Upcoming nuptials between Freddie (John Forman) and Elizabeth (Aurora Kurth) sends shockwaves through the small village they inhabit. The Countess (and President of the Society) (Aurora Kurth) is ropable at her expedition leader’s decision to choose domestic life over one of adventure, whilst Freddie’s assistant, Harriet (Fiona Roake) is secretly devastated at his romantic oversight. It challenges us to ask, what do we really want? Who do we really love?
From the outset James Pratt deserves to be commended for his direction. His performers juggle a multitude of characters and yet their transitions, although noticeable even in the darkness, are seamless. His choices surrounding the balance some of the show’s more tender moments and their intensely confronting counterparts were handled impeccably, allowing audiences momentary respites to absorb what was presented to them.
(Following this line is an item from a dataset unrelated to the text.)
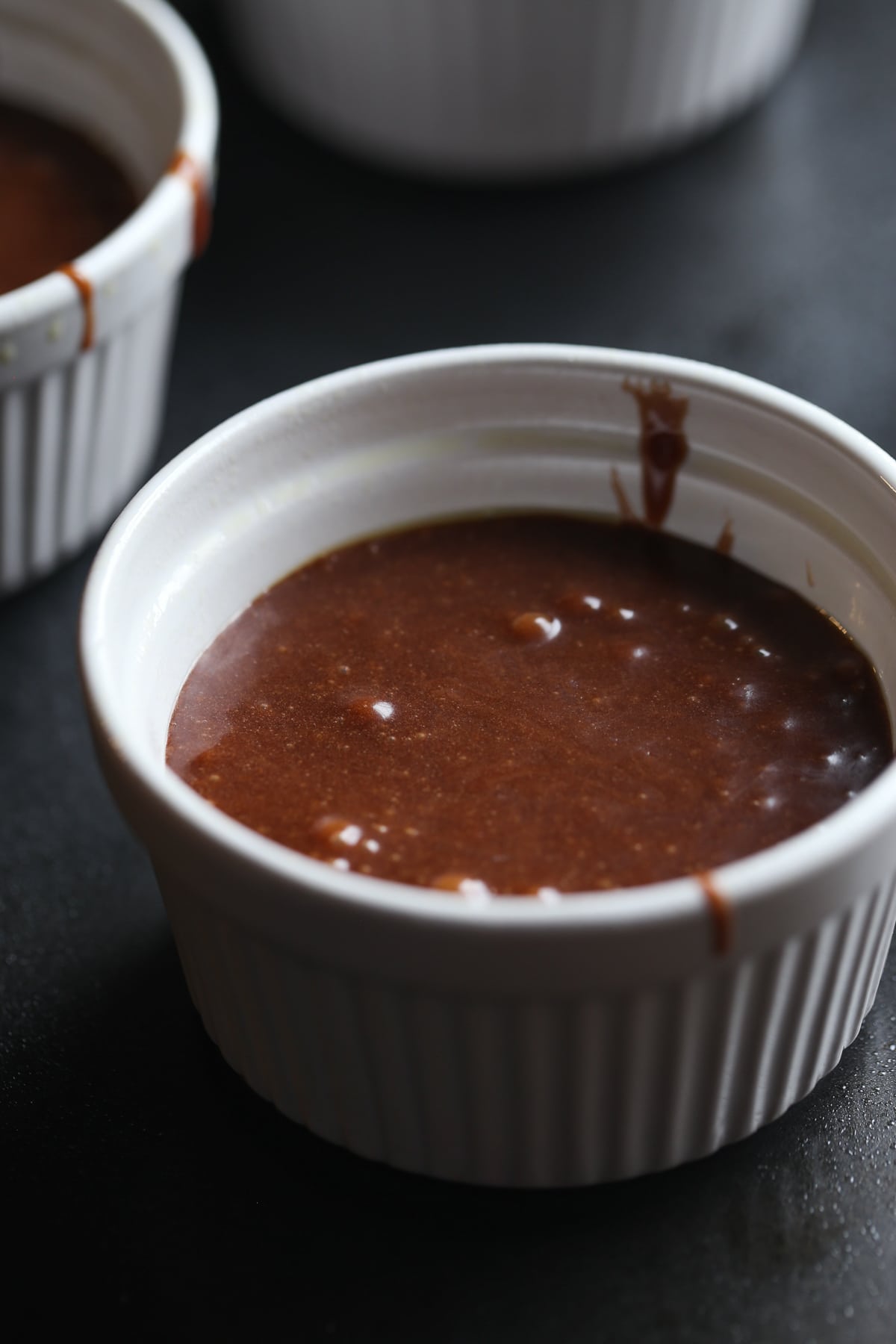 A white ramekin with chocolate cake batter inside before going into the oven.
Furthermore, Pratt’s exploration of the humour within the story proved a successful one, with particular reference to the character of Christian (Christian Bagin), even if audiences didn’t fully grasp his character – which I admit, I didn’t either.
Perhaps my only real issue with the performance was what struck me as an almost forced attempt to convey the play’s universal themes. These were the inclusions of the performer’s own stories from their lives. The stories were initially incredibly confusing as they pushed audience members out of the theatre world they had worked so hard to create – and then forced them to jump back in straight after. By the third story, I found myself a little bit disinterested as I was too anxious to get back to the drama.
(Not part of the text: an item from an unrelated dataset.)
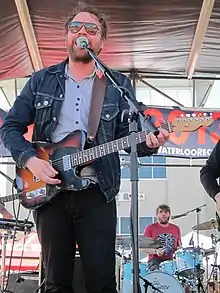 Hutchison performing with Frightened Rabbit at SXSW in 2013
It needs to be said that all four performers held their own, where there was definitely potential for things to go quite wrong, quite quickly. After 60 minutes, only one moment of character confusion occurred which was smoothly recovered from, and laughed off. Kurth also deserves a special mention for playing two juxtaposing characters in the same scene, pulling it off with incredible ease and gusto.
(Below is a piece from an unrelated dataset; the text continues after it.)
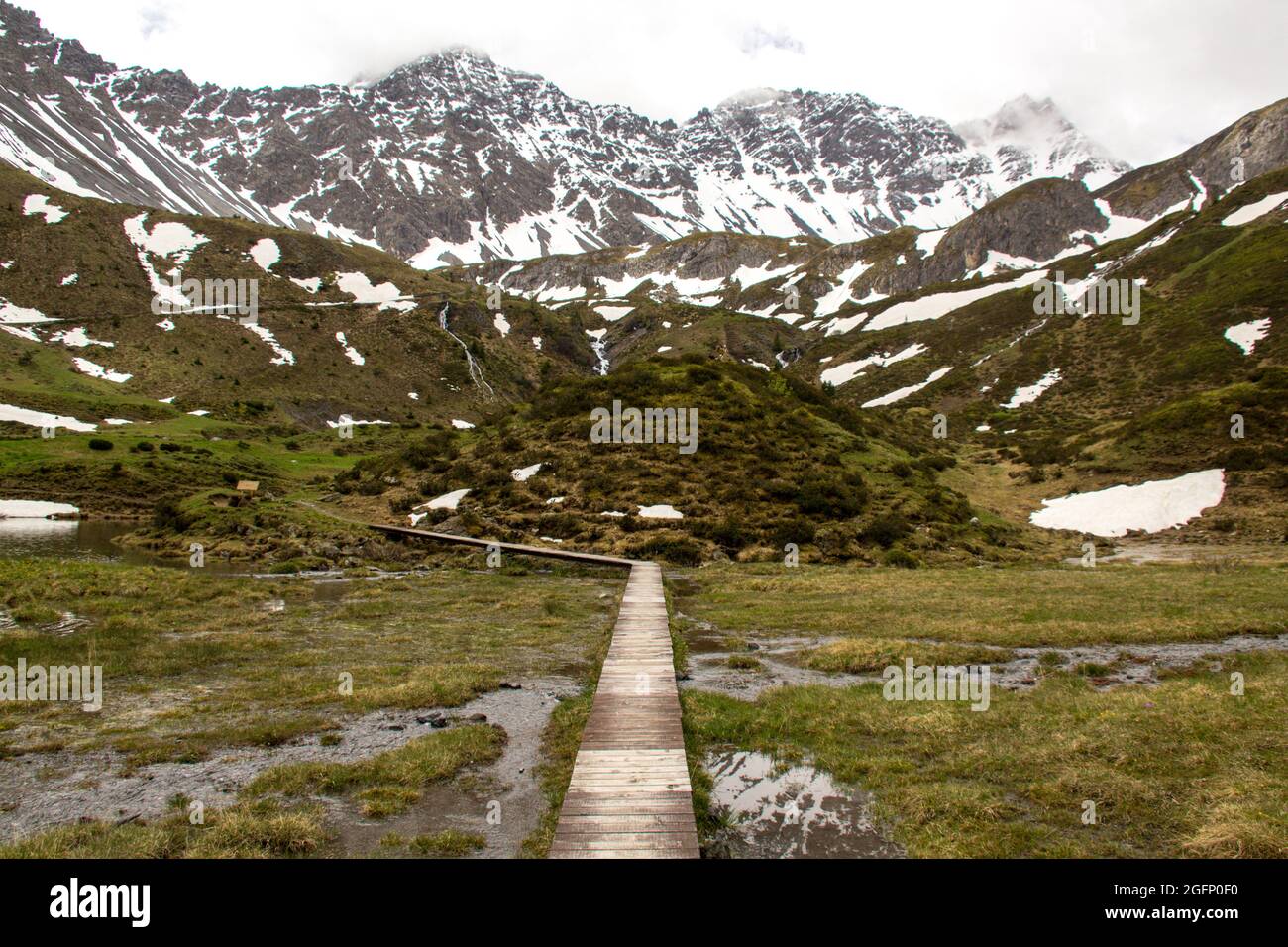 Wooden Path in the Mountains Stock Photo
Richard Vabre’s subtle lighting design heightened the atmospheric potential of the play. The Hunter. The Hunted. seemingly carried itself, and the simple wash of colours over those on stage was all the play needed to convey mood. Although bare in terms of set, I found the lighting satisfying enough to fill that inherit desire for flashy scenery. Costuming also allowed the play’s focus to remain on the moral dilemmas occurring within it, and yet I was somewhat left a little dissatisfied at the choice of using a number of different dark coats for numerous characters.
In addition, The Hunter. The Hunted. interestingly incorporates its audio through its performers, who divert themselves to the edges of the stage to play instruments. Although beautifully played, I did find myself distracted by the performance within the performance. Their use of traditional pre-recorded backgrounded music I felt worked better within the space as it allowed the audience to remain invested in the plot. The company did in fact handle their audio well, especially given the fact that there were no microphones on any performers. While at times some subtleties of speech were diminished by more dominant characters, all performers were always audible.
Overall, The Hunter. The Hunted. is a beautiful blend of dark humour and a classic love story. It will have you cackling with laughter one moment and crying in the next, a testament to the thoughtfulness of the piece and its creators. Allow yourself to let go for an hour, and soak up the beauty of The Hunter. The Hunted.